Caldwell Society's Growth Benefits Virginia Tech
The Caldwell Society is named for William Addison Caldwell, who on Oct. 1, 1872, became the first student to register at the institution now known as Virginia Tech. The university named a donor society for him in 2002, and its hundreds of members have given more than $6 million combined.
By Albert Raboteau
James "Jay" Rule Jr. had just earned the first of several degrees from Virginia Tech when his father showed him a calculation. His bachelor’s degree had cost the family $10,000, a lot of money in the mid-1970s. Yet what impressed Rule was not the expense. It was the career path that money opened up.
Jay Rule and Jeanne Welch
"When I look at an investment of $10,000 and compare it to my income, the rate of return has been tremendous," says Rule, a mechanical engineer in the paper mill department at MeadWestvaco Corporation, who lives in Botetourt County, Va.
Rule (mechanical engineering, '75, '76, '89) has kept return on investment in mind as he has become a significant donor to his alma mater.

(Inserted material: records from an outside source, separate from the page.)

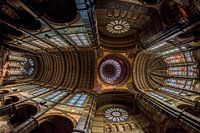 Basilika des Heiligen Nikolaus, Amsterdam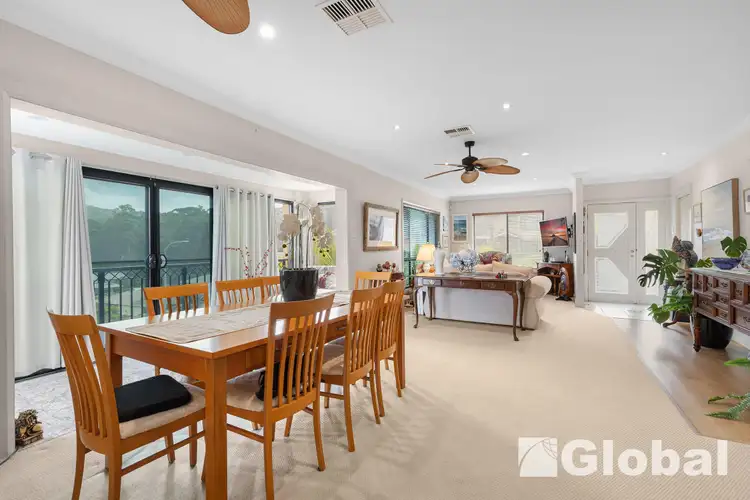 Second view of Homely house listing, 14 Desreaux Close, Eleebana NSW 2282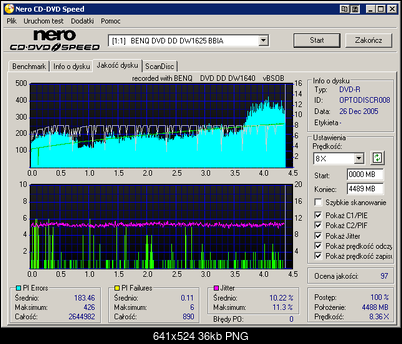 BenQ 1640 / BenQ EW164B-dq_vakoss-r_8x-8x_bsob.png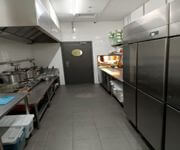 Good Location Franchise Business With Good Future Prospects Franchise image 4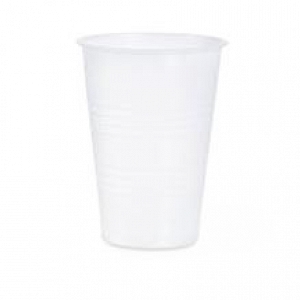 Solo Galaxy Plastic Cold Cups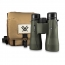 Vortex Viper HD 12x50 Binoculars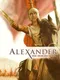 Alexander: The Heroes Hour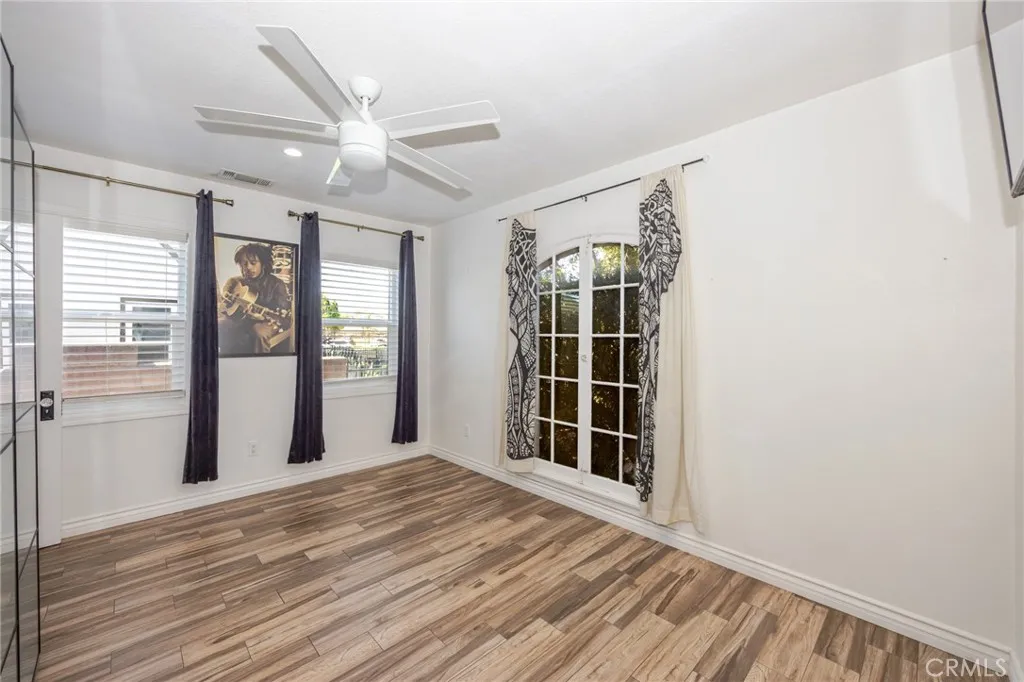 Additional image 21 of 3708 Jurupa Avenue, Riverside, CA 92506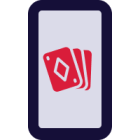 Baccarat für Android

A member of the Caldwell Society, his support includes a mechanical engineering scholarship named for his father.
College may cost a lot more now than it did in Rule's undergraduate days, but it still offers tremendous rewards, both cultural and financial. Rule says he and his wife, Jeanne Welch, enjoy helping today's students invest in their futures.
Their household is one of hundreds that belong to the Caldwell Society, created seven years ago to recognize donors whose lifetime giving ranges from $50,000 to $99,999.
From its inception in 2002 through June 30, 2008, the society has grown nearly seven-fold -- from 58 households to 392 -- and its members have contributed more than $6 million. Virginia Tech has four recognition societies for significant and consistent donors.
Like many members of the Caldwell Society, Rule says he views philanthropy as "both a pleasure and something aligned with the university motto," which is Ut Prosim (That I May Serve).
Rule says he appreciated being invited into the Caldwell Society because such honors "recognize the value of giving and, I think, help people to sustain their giving."
But ultimately, he points out, "You give out of a sense of wanting to give and help. It's not a matter of wanting to get the recognition."